Ways to Add Socialization to Homeschooling
Socialization can occur any and everywhere — at home, the store, the playground, at a place of worship, etc. My list of ideas to add socialization to homeschooling will help naysayers, potential homeschoolers, and current homeschooling families realize that there’s so many opportunities for social activities. Let’s debunk the myth that homeschooled children do not have opportunities to experience a socialized childhood.
Socialization Ideas for Active Families
If you and your family are on-the-go and active in your community, then your homeschool socialization opportunities are endless. Community activities can be found just about anywhere and go from free to costly (depending on your family’s size).
- Find a sports team for your child to further learn about teamwork, communication, discipline and camaraderie. Participating in organized sports helps your child become a better student and physically fit.

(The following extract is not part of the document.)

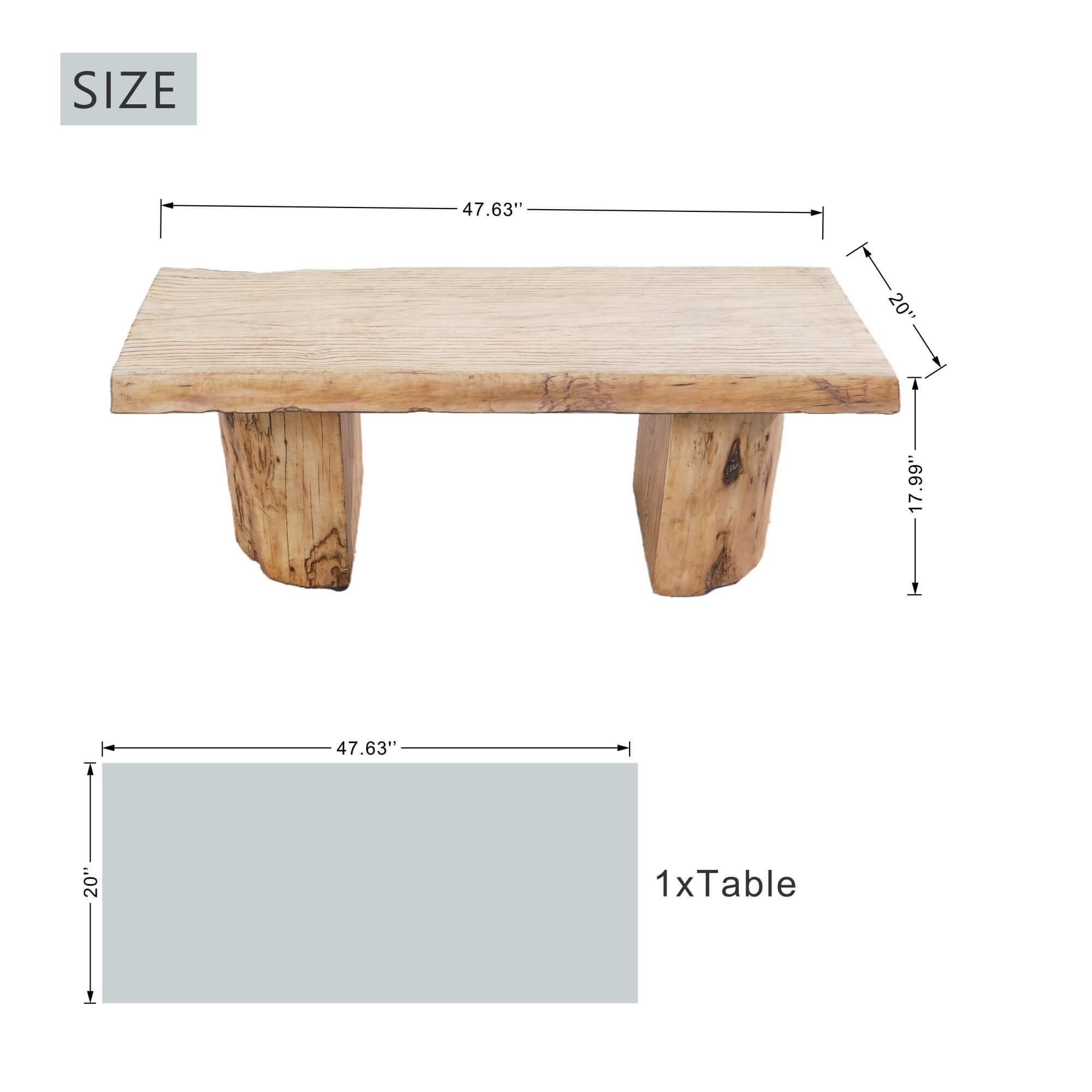 Natural Wood Coffee Table – Terrafab Composite Material with Iron Frame（PAD - 24927TA） - Direct Wicker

- Enroll your children in classes like dance, music, art or theater where you may find a small group of students with similar interests as your children. This is a time for them to become cultured, be creative and make new friends while doing so.
- Youth groups where you worship can offer your children a sense of community, while offering inspiration and motivation for life.
Socialization Ideas for Traveling Homeschoolers
Families that enjoy traveling or move frequently face a homeschool socialization challenge. This is just a chance to get creative with the ways you add social activities to your homeschool life! There are ways to have intentional interactions with little commitment.
- Use technology to connect with other homeschooling families from anywhere in the world. Connect with a family you met while traveling. Arrange virtual video chats with them through apps like Google Hangouts, Skype, FaceTime, etc. It’s like having a virtual pen pal. Your children can use this tool to create group projects, and if the other parent(s) is willing to teach a lesson or host discussions, to learn from someone besides you.
- Join a local homeschoolers’ Facebook group and request playdates with families with similar aged children as your own. Finding groups to join on the social media channel is easy and by adding the name of a city, plus “homeschool” (city + homeschool) in the search field will help you to discover homeschool groups comprised of parents who are also looking for ways to introduce their children to other homeschooled children.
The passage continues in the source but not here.